The contingency of origins is crucial for the genealogical method. Nietzsche wrote at a time -the final quarter of the nineteenth century – when the inexorability of human progress was a default position among intellectuals. Today the shock value of the genealogical method is not so strong, since under the influence of postmodernism, relatively few intellectuals take seriously Nietzsche’s teleological foil.
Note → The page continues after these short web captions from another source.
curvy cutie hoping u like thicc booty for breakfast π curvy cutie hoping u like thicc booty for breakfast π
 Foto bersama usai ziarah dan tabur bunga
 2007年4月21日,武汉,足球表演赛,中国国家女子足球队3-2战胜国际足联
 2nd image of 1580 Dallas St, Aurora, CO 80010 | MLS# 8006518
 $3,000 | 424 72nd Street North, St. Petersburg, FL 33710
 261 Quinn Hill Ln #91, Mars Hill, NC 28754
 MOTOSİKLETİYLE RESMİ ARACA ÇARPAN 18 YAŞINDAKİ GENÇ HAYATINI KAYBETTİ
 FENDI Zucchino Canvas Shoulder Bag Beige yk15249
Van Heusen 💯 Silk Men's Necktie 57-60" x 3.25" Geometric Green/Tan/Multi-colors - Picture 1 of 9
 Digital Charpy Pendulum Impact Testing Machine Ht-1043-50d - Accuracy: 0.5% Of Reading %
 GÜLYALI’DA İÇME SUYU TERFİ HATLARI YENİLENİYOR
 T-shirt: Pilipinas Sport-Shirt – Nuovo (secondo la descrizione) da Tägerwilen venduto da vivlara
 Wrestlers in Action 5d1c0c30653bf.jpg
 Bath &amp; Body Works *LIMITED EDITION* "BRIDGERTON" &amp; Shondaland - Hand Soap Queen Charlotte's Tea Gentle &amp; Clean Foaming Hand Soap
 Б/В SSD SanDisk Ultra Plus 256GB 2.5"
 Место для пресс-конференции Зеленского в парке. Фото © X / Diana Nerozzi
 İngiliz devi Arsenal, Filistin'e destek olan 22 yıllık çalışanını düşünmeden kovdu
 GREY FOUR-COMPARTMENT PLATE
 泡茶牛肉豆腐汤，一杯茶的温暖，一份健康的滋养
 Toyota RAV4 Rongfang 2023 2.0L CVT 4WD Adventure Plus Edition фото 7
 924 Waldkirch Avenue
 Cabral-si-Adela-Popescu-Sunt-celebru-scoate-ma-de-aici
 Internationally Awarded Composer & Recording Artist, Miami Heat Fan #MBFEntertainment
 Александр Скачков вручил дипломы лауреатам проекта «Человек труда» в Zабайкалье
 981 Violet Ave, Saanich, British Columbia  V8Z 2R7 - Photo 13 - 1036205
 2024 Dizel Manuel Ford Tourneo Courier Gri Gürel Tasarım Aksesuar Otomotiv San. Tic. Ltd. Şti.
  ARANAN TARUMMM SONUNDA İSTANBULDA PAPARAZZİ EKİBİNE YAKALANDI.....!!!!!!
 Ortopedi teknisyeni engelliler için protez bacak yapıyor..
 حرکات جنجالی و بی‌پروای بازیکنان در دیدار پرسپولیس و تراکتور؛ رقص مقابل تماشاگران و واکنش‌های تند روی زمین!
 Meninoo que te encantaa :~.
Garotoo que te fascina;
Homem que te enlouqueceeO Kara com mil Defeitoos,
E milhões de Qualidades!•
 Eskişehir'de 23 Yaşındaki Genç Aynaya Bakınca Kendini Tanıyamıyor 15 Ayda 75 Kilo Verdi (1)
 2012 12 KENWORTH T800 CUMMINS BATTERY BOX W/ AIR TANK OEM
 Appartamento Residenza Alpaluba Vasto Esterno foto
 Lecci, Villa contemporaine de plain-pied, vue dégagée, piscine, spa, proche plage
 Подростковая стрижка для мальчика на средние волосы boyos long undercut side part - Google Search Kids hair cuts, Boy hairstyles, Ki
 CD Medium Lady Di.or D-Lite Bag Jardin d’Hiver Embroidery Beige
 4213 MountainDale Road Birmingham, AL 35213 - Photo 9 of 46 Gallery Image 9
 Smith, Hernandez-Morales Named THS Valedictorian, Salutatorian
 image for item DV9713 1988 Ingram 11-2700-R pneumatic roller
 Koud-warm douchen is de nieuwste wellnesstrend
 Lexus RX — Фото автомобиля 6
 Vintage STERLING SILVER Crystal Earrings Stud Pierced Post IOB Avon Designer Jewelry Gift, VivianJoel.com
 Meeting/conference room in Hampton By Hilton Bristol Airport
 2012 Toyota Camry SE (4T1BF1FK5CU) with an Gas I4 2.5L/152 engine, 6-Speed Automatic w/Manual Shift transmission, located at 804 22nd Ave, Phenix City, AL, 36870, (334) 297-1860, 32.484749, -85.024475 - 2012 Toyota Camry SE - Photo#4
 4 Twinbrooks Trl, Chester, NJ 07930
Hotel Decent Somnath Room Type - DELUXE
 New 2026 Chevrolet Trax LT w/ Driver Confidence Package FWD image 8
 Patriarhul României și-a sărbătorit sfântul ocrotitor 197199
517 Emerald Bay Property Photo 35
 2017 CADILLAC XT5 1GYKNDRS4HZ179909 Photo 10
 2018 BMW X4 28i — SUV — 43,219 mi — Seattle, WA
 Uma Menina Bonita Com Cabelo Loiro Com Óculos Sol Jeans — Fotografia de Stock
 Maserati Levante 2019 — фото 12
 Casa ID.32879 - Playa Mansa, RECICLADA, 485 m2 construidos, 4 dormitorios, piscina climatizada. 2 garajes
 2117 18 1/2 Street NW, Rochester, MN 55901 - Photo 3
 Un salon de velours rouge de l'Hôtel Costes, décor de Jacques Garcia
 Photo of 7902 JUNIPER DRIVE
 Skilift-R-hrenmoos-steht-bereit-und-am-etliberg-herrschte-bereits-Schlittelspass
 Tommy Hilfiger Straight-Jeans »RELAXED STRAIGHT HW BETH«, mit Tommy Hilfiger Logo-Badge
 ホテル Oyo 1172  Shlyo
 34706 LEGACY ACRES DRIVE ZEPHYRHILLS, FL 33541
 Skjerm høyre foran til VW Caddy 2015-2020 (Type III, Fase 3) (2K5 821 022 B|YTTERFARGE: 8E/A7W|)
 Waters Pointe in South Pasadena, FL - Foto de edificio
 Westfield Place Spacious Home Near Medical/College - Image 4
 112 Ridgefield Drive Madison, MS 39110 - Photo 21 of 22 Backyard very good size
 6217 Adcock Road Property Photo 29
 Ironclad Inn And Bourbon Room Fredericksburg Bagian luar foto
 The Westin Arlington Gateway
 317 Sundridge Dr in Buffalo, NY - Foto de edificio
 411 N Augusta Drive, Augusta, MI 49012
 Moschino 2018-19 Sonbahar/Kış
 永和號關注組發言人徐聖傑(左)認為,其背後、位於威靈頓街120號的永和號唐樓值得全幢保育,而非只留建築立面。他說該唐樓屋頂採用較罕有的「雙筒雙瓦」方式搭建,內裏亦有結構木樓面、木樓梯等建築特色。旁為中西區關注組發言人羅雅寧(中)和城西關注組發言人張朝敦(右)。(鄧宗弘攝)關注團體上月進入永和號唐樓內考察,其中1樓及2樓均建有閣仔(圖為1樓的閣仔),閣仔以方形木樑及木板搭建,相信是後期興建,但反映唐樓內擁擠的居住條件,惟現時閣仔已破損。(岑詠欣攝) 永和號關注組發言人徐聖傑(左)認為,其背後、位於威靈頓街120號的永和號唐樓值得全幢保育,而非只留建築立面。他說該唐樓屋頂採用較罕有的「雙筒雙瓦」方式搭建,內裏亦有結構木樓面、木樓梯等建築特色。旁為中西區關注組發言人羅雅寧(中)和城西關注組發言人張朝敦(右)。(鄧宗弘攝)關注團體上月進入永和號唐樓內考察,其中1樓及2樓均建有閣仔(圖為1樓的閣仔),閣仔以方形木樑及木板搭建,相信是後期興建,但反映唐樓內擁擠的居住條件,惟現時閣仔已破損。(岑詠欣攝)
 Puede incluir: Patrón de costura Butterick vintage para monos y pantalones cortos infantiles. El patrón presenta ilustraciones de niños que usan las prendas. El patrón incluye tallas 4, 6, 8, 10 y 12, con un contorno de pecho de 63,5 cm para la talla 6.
What led Nietzsche to think that a defunct method for establishing right to rule should provide the basis for a deep understanding of society? Here the appeal to biology is crucial. Ernst Haeckel, Darwin’s staunchest German defender, famously declared, Ontogeny recapitulates phylogeny,” by which he meant the biological development of the individual organism repeats the stages undergone in the evolution of all organisms. Nietzsche cleverly reworded Haeckel’s slogan for his own purposes: Ontology recapitulates philology.” Nietzsche, a prodigy in the study of classical languages, found Haeckel’s slogan appealing, especially when associated with a Darwinian sense of the arbitrary origin of life itself.

Bibliography:

  1. Foucault, M. (1970). The Order of Things: An Archaeology of the Human Sciences. Random House, New York.
  2. Richards, R. (1987). Darwin and the Emergence of Evolutionary Theories of Mind and Behavior. University of Chicago Press, Chicago, IL.